Foi com esse “vício” de interpretar as cenas cotidianas que, dias atrás, me deparei com duas situações que confirmaram, novamente, a enxurrada de mentiras que marcou a passagem de Luiz Inácio da Silva pelo Palácio do Planalto. Tão histriônico quanto messiânico, Lula flanou nas alturas da popularidade apenas porque vendeu aos cidadãos promessas que se transformaram rapidamente em bolhas de sabão, que somem quando lançadas ao ar.
Ao perceber que poderia provocar ainda mais seus oposicionistas, o ex-metalúrgico adotou o bordão “nunca antes na história deste país”, como se ele [Lula] fosse uma espécie de profeta, salvador do Universo. Nos derradeiros meses da era Lula, afirmei de forma incisiva que seria preciso uma ou duas décadas para que o então presidente fosse desmascarado. Errei de maneira vergonhosa ao calcular esse delta de tempo, pois tudo aconteceu muito antes do que imaginava.

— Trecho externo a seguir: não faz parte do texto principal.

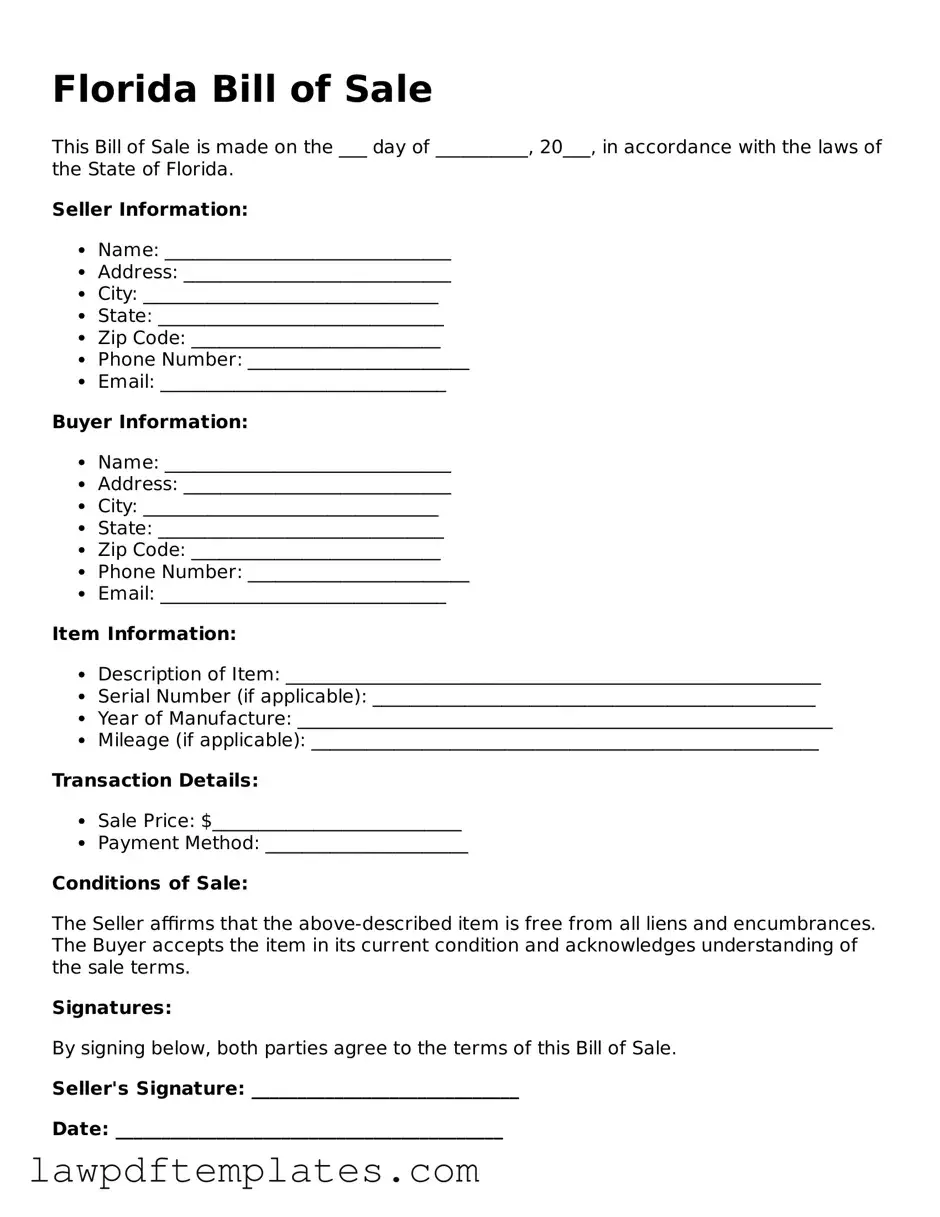 Free Bill of Sale Template for the State of Florida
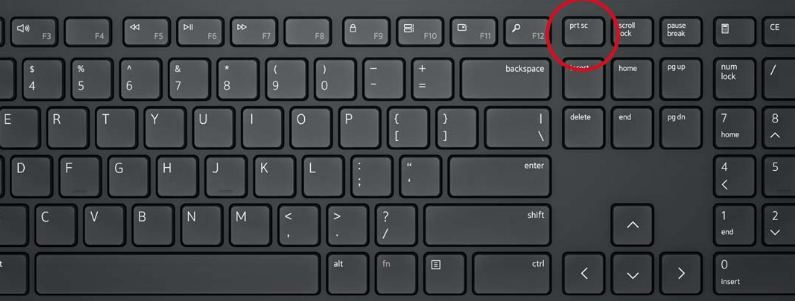 Use the PrtSc key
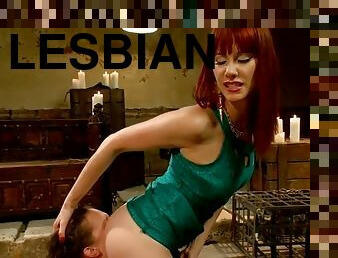 Naked lesbian spanked hard in the basement Maitresse Madeline, Bonnie Day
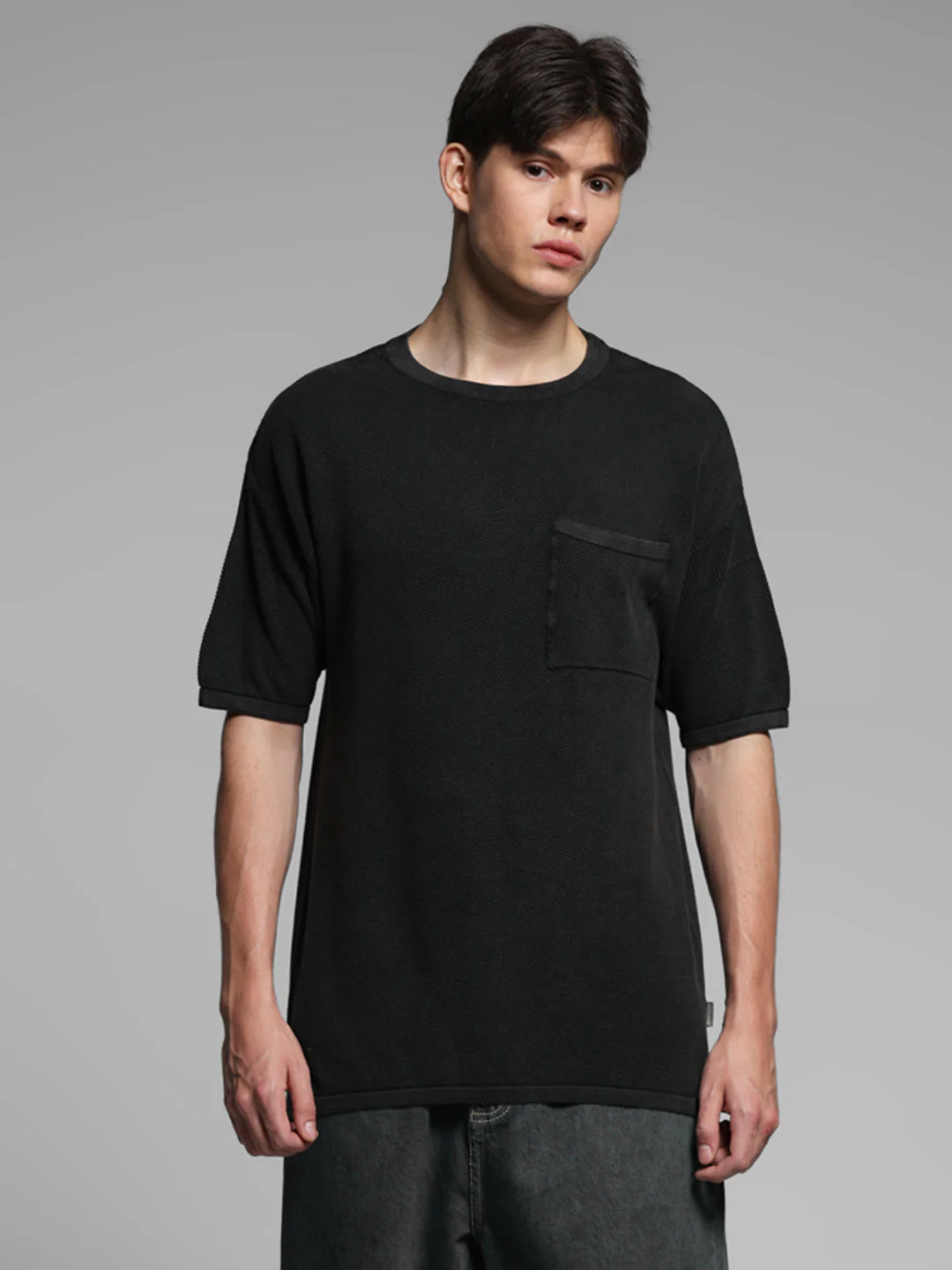 Black Cotton Washed Oversized T-shirt - Image 2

Sem que qualquer um dos seus seguidores tenha coragem para falar sobre a herança maldita deixada aos brasileiros, Lula faz ouvidos moucos quando o assunto é o retorno da inflação, algo que ele próprio combateu enquanto puxava a fila da oposição. Patrono do período mais corrupto da história política brasileira, Lula simplesmente abafa as críticas recorrentes com as láureas que os incautos lhe concedem ao redor do planeta. Essas honrarias, que perdem a importância diante do perfil de alguns contemplados, só acontecem porque os obtusos que as gerenciam sequer imaginam o que de fato acontece no Brasil no vácuo do legado de Luiz Inácio da Silva.
Durante os oito anos em que esteve presidente, Lula pegou carona no slogan “Brasil, um país de todos”. Acontece que em qualquer esquina brasileira é possível perceber que essa é a mais mentirosa de todas as frases já inventadas. Em São Paulo, como em muitas outras cidades do País, biscateiros se amontoam nos cruzamentos de ruas e avenidas. Como mascates pós-graduados tentam vender de tudo. De pano de prato a caju, de chocolate a guarda-chuva. Uma das primeiras inovações das esquinas – e já faz algum tempo – foi dependurar no espelho retrovisor dos automóveis parados no trânsito um pequeno saco plástico com balas e chicletes. Até outro dia, essas balinhas de retrovisor eram vendidas a R$ 1. Mas as guloseimas dos semáforos sentiram o efeito da inflação e agora não saem por menos de R$ 2. A decisão de aumentar o preço é tão recente, que o ambulante que encontrei dia desses preferiu aproveitar os pequenos pedaços de papel que acompanham as balas, trazem uma mensagem de fé e estampam o preço. E um rabiscado R$ 1 deu lugar aos agora R$ 2.
É de se perguntar por qual razão as balinhas do retrovisor sofreram um aumento de 100%, pois para os milagrosos palacianos a inflação está sob controle e não deve passar de criminosos 6,5%. É possível que isso tenha acontecido porque o fornecedor das balas também foi alcançado pela peçonha da inflação e, encurralado, acabou mexendo na tabela de preços. Outra possibilidade é o biscateiro estar gastando mais para continuar sobrevivendo indignamente.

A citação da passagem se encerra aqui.